In 1661, Cardinal Jules Mazarin, the chief minister of France, died, leaving King Louis XIV in full control.

In 1796, the future emperor of the French, Napoleon Bonaparte, married Josephine de Beauharnai­s ( boh-ahr-NAY’). (The couple later divorced.)

In 1841, the U.S. Supreme Court, in United States v. The Amistad, ruled 7-1 in favor of a group of illegally enslaved Africans who were captured off the U.S. coast after seizing control of a Spanish schooner, La Amistad; the justices ruled that the Africans should be set free.

In 1916, more than 400 Mexican raiders led by Pancho Villa attacked Columbus, New Mexico, killing 18 Americans. During the First World War, Germany declared war on Portugal.

In 1918, writer Mickey Spillane, famous for his pulp detective novels, was born Frank Morrison Spillane in Brooklyn, New York.

In 1933, Congress, called into special session by President Franklin D. Roosevelt, began its “hundred days” of enacting New Deal legislatio­n.

In 1945, during World War II, U.S. B-29 bombers began launching incendiary bomb attacks against Tokyo, resulting in an estimated 100,000 deaths.

In 1954, CBS newsman Edward R. Murrow critically reviewed Wisconsin Sen. Joseph R. McCarthy’s anti-communism campaign on “See It Now.”

In 1964, the U.S. Supreme Court, in New York Times Co. v. Sullivan, raised the standard for public officials to prove they’d been libeled in their official capacity by news organizati­ons.

In 1977, about a dozen armed Hanafi Muslims invaded three buildings in Washington, D.C., killing one person and taking more than 130 hostages. (The siege ended two days later.)

In 1983, Margaret Heckler was sworn in as secretary of Health and Human Services, the same day Anne M. Burford resigned as head of the embattled Environmen­tal Protection Agency.

In 1997, gangsta rapper The Notorious B.I.G. (Christophe­r Wallace) was killed in a still-unsolved drive-by shooting in Los Angeles; he was 24.

Ten years ago: Highway and utility crews worked overtime to recover from a huge storm that buried Ohio and other parts of the Midwest in snow and tore down power lines elsewhere. Spain’s Socialist prime minister, Jose Luis Rodriguez Zapatero, won re- election as voters dismissed worries about a slumping economy, immigratio­n and resurgent Basque militants to hand him a second term.

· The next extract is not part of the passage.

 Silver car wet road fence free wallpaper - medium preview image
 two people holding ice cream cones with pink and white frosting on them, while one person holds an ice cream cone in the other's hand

Five years ago: During U.S. Defense Secretary Chuck Hagel’s first trip to Afghanista­n as defense chief, two suicide bombings, one outside the Afghan Defense Ministry and the other near a police checkpoint in eastern Khost province, killed at least 19 people; a Taliban spokesman said the blast outside the defense ministry was a message to the visiting Pentagon chief. Egyptian soccer fans rampaged through the heart of Cairo, furious about the acquittal of seven police officers while death sentences against 21 alleged rioters were confirmed in a trial over a stadium melee that had left 74 people dead.